Poland’s government has approved an AAU sale to an unnamed buyer, teeing up the first publicly-known trade of the inter-governmental emission units for at least two years as the deadline to balance national Kyoto Protocol books approaches.
“We will issue the details after the contract will be signed,” a spokeswoman for Poland’s environment ministry said by email on Thursday, after confirming that the government had approved a trade of unspecified size.
No further details, including the price agreed, were available.
The deal comes as nations look to ‘true-up’ their emission unit levels for the 2008-2012 first commitment period of the Kyoto Protocol ahead of a Nov. 18 deadline.
Yet with most nations already comfortably in balance, analysts expect minimal governmental activity to add to the previous deals inked for at least 400 million units in total.
Over 100 million units had been held in registries by private entities up until the end of last year, UN records show, heightening a risk that investors could be left holding worthless units as the AAUs are automatically cancelled after the deadline.
Poland has been the biggest AAU seller to date, according to a report by Austria’s Joanneum Research Institute.
It has sold 138 million AAUs to Spain, Japan, Ireland and the World Bank, which operated funds to procure the units on behalf of governments struggling to meet their Kyoto goals.

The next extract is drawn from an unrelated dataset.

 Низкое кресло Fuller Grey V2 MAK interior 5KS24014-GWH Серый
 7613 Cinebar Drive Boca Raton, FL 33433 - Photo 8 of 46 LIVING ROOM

AAUs changed hands for as much as €14 each in 2008, but prices fell to below €1 by 2012 as the economic downturn helped cut emissions in potential buyer nations and developers issued vast numbers of UN offset credits.
“I don’t expect many more AAU trades. There could be some final tidying up, but why leave it to the last minute with today’s prices?” said Frank Melum, an analyst with Thomson Reuters Point Carbon.

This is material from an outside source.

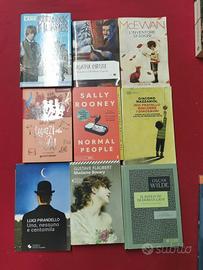 Libri per lettura ragazzi medie e superiori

He said Spain and Luxembourg might be the most likely buyers as EU data in 2013 suggested they had a Kyoto shortfall.
Under UN rules, governments can use AAUs or CER and ERU offsets to meet Kyoto targets, giving them some flexibility as to whether they cut emissions domestically or buy units from abroad.
Eastern European nations were the sellers, having a massive collective surplus of around 12 billion as their emissions collapsed in the 1990s after the fall of the Soviet Union.

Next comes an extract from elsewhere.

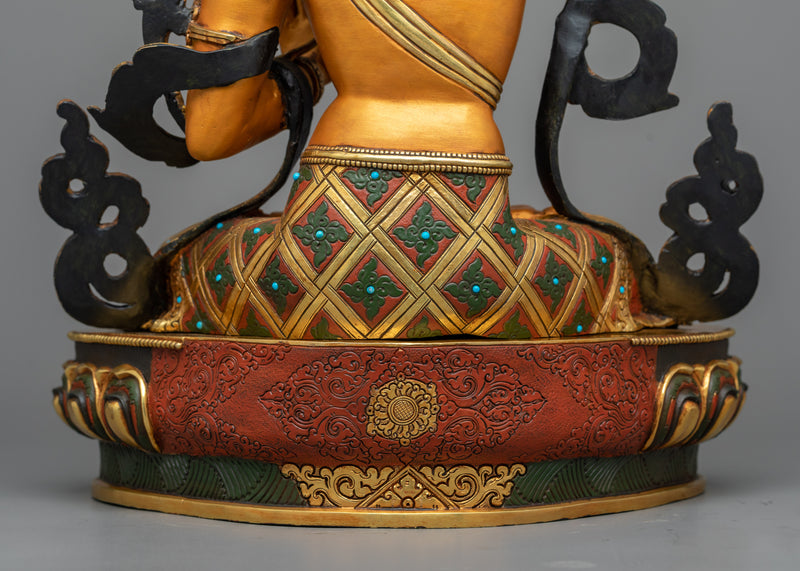 Bodhisattva Manjushri Idol | The Quintessence of Divine Wisdom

AAUs were bought on condition that seller governments used the money to implement environmentally-friendly policies and measures under so-called Green Investment Schemes.
While most Kyoto Protocol nations kept their AAU allocations, UN records suggest at least 110 million of the units were still held by private entities in national registry accounts at the end of last year, including 53 million in Russia, 48 million in the EU, and 11 million in Switzerland.
While Japan allowed its companies to use AAUs to meet domestic emission goals, making its firms keen buyers, UN records show just 0.2 million were left in private accounts by the end of 2014.
New Zealand’s government announced earlier this month it will ensure that private holders of cancelled AAUs generated in the country will get access to an equal amount of other permits in its domestic carbon market.
But it said any company still holding units originating in other nations will have those cancelled without compensation. Some 3 million of the units were held in private accounts in New Zealand’s registry at end-2014.
While AAUs have been virtually worthless for several years, as the final deadline approaches there could be a greater risk of unscrupulous sellers seeking to offload the units.
Carbon Pulse has learned of one seller offering several million AAUs in recent weeks, claiming that the government registry holding them was no longer able to properly cancel the units.